At the outset, free trade will stimulate disproportionate unemployment in particularly vulnerable Mexican sectors, creating additional jobless candidates for migration to the United States. One particularly vulnerable group could be operators and workers of the small, inefficient and heavily protected Mexican farms producing grains, which can not soon hope to match the low production costs of imported American and Canadian products. Free trade in grains could increase rural migration to Mexico's cities and to the United States, as could adoption of President Salinas' proposal to permit holders of communal plots ("Ejidos") to sell their lands.
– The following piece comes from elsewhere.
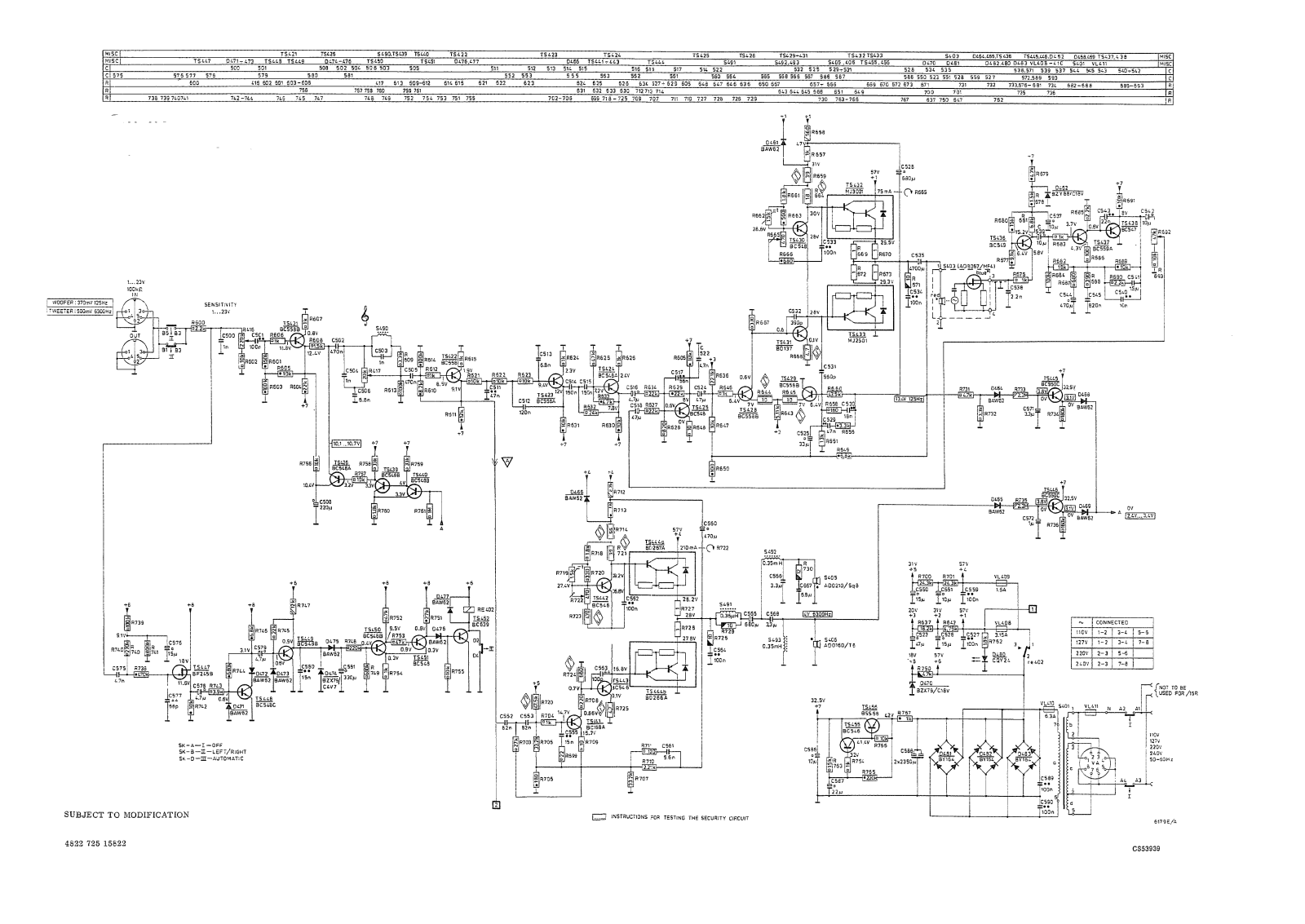 Philips 22-RH-544 Schematic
While Mexican perishable crop agriculture is expected to expand its share of the U.S. market under free trade (with accompanying displacement of citizen and immigrant workers in those sectors in the U.S.), the growth of new jobs in that sector in Mexico would only slowly and incompletely absorb workers displaced in other farm sectors.7 Some experts have suggested that the growth of perishable crop plantation agriculture within Mexico in response to free trade will boost, not reduce, migration to the United States, as it will increase the numbers of Mexican farm workers in the migrant stream within Mexico, many of whom would end up in the United States.8

Another sector of Mexico's economy likely to shed workers under free trade is the industries where featherbedding is commonplace, particularly the state-owned enterprises. Free trade will intensify the current emphasis on market forces in Mexico, speeding the closing or privatizing of white elephant public sector firms. The process will extend to labor-management relations, curbing the egregious overstaffing that pervades much of the Mexican economy, particularly the public sector. Some of the workers who lose their jobs in the streamlining process will opt for immigration.

Mexican private sector industries may face tough adjustment problems that increase layoffs in the short to mid-term. A fall 1991 poll by Mexico's National Confederation of Chambers of Industries showed 48 percent of their members felt that U.S. and Canadian competition could hurt their industries; 29 percent felt they would not survive the competition.9

Migration Driven by More than Earnings

Non-economic forces impelling Mexican migrants to the United States will remain powerful and persistent. The lure of family, friends, and large welcoming ethnic communities in the U.S. will not end with the adoption of free trade. More likely these social networks will expand and continue to draw thousands of new migrants even as the employment outlook in Mexico improves. Some 2.3 million formerly illegal Mexican aliens legalized since 1987 will start becoming eligible for U.S. citizenship in 1994. As citizens they will be entitled to bring spouses, parents and children to the United States without limits.

Free trade can also be expected to create new psychological and social perceptions in Mexico that could stimulate more migration.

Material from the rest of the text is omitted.